Según el último informe de la Guía Estratégica para el Agro (GEA) de la Bolsa de Comercio de Rosario (BCR), publicado el 20 de agosto de 2026, los técnicos y productores están adoptando planteos «ofensivos» para maximizar el rendimiento hídrico, marcando una preparación sin precedentes en las últimas dos décadas.

Tras varias campañas consecutivas marcadas por la escasez de agua, las proyecciones climáticas para la Región Núcleo anticipan un notable incremento de las precipitaciones en el último trimestre del año. Las estimaciones de la GEA/BCR prevén un aumento de lluvias del 30% en octubre, un 70% en noviembre y hasta un 90% en diciembre.

A diferencia de campañas anteriores, la región inicia este período con reservas de agua en los perfiles de suelo calificadas de «regulares a escasas» en el 80% del área. Esta condición inicial, sumada a una proyección de anomalía fría en el océano Atlántico de septiembre a diciembre -que evitaría aportes adicionales de humedad-, representa un alivio para mitigar el riesgo de inundaciones tempranas, especialmente en el este de la región central.

Las cuatro estrategias del planteo ofensivo

Para transformar el abundante recurso hídrico en producción efectiva, los asesores técnicos están implementando cuatro medidas principales:

  • Ajuste en la fecha de siembra (38% de las menciones): Se busca adelantar la implantación de los cultivos de verano. En maíz temprano, se planifica un adelanto de una a dos semanas para posicionar el período crítico en diciembre y evitar los golpes de calor de enero.
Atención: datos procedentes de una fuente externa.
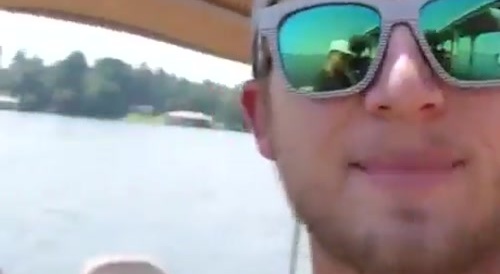 Low IQ Films Own Crime - gets Arrested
En soja de primera, se prevé iniciar las tareas entre el 10 y el 15 de octubre (adelantándose al inicio habitual del 20 de octubre), mientras que en soja de segunda se busca sembrar lo antes posible para ganar kilos por hectárea.
  • Manejo sanitario preventivo (23% de las menciones): Bajo la premisa de «más agua, más enfermedades», se ha intensificado el monitoreo de trigo y se planifican controles estrictos para los cultivos estivales frente al desarrollo de patógenos foliares.
  • Selección de ciclos y grupos de madurez (15% de las menciones): En soja, se incrementará el uso de grupos de madurez más cortos, específicamente los grupos IV y IV cortos, para optimizar el aprovechamiento de ambientes con alta productividad.
  • Incremento de la densidad y fertilización (8% de las menciones): En regiones como Corral de Bustos y Monte Buey, los productores proyectan añadir entre 5.000 y 10.000 plantas de maíz adicionales por hectárea, acompañadas de dosis superiores de nitrógeno.
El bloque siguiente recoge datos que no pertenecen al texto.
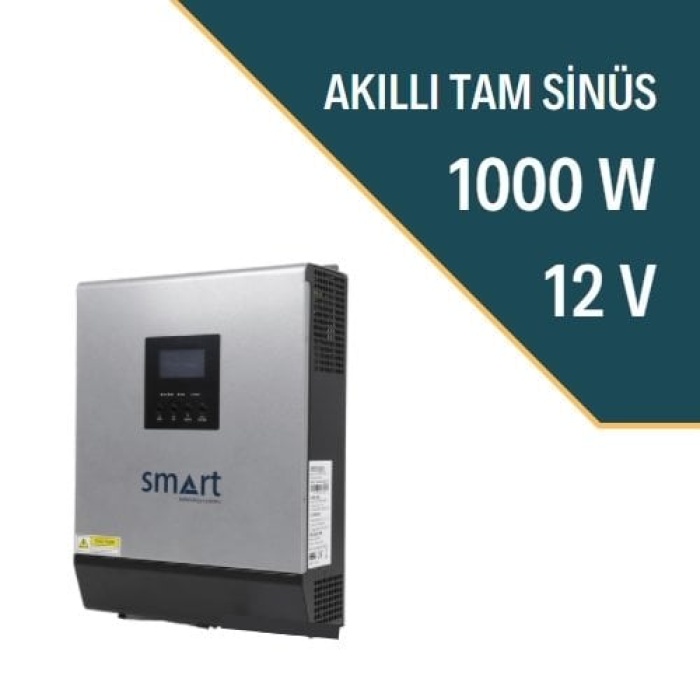 1KVA 12V AKILLI İNVERTER SMART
Asimismo, las perspectivas hídricas están impulsando una mayor proporción de maíz temprano sobre el tardío en el norte bonaerense, revirtiendo la tendencia defensiva de los años de sequía [8]. Únicamente en los lotes con antecedentes de anegamiento se postergará la siembra hacia maíces tardíos.

Obras de infraestructura

La principal preocupación del sector radica en el elevado nivel de las napas freáticas, que en algunos campos altos se ubican a profundidades de entre 90 centímetros y 1,40 metros [9]. Por este motivo, se registran intensas labores de limpieza de canales y acondicionamiento de caminos rurales en la región para asegurar el drenaje y la logística.
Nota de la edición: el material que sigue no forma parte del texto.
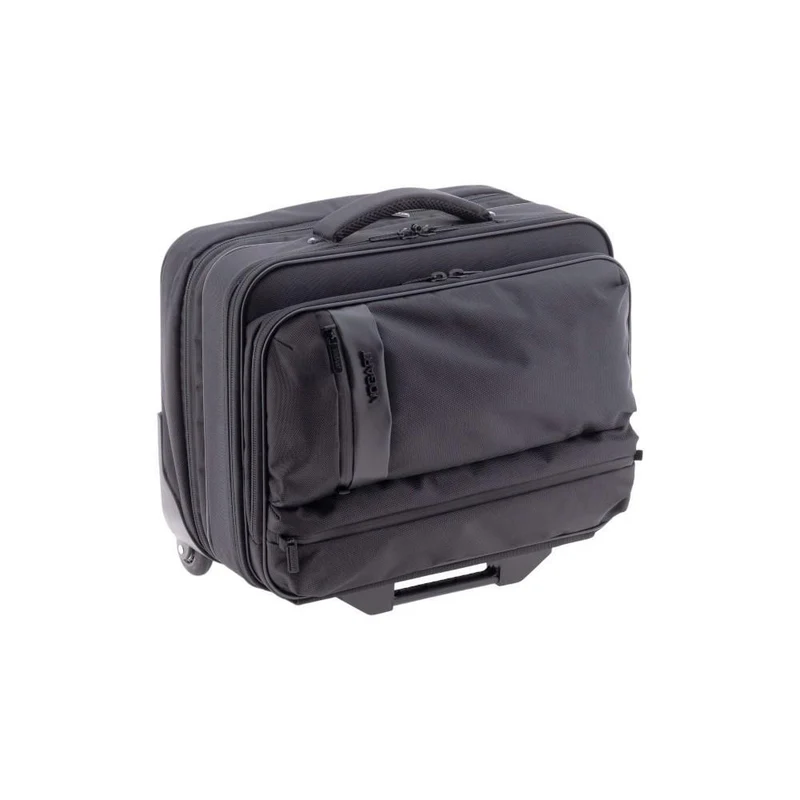 Trolley Piloto Vogart con Separador de Ropa y Portátil 15" - Clyde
Por otro lado, el trigo mantiene una condición óptima, con el 95% de los lotes calificados entre excelentes y muy buenos [10]. Actualmente, el 70% transita la etapa de macollaje y el 30% restante ha ingresado en encañazón, mostrando una excelente nutrición nitrogenada en zonas como Pergamino. No obstante, los técnicos permanecen en alerta debido a las primeras detecciones de mancha amarilla en Pergamino y Venado Tuerto, favorecidas por la persistente humedad y el paulatino aumento térmico.

Finalmente, la cosecha de maíz tardío de la campaña previa continúa demorada por las lluvias y la persistente humedad de los granos, habiendo alcanzado apenas el 77% del área y restando unas 65.000 hectáreas por trillar.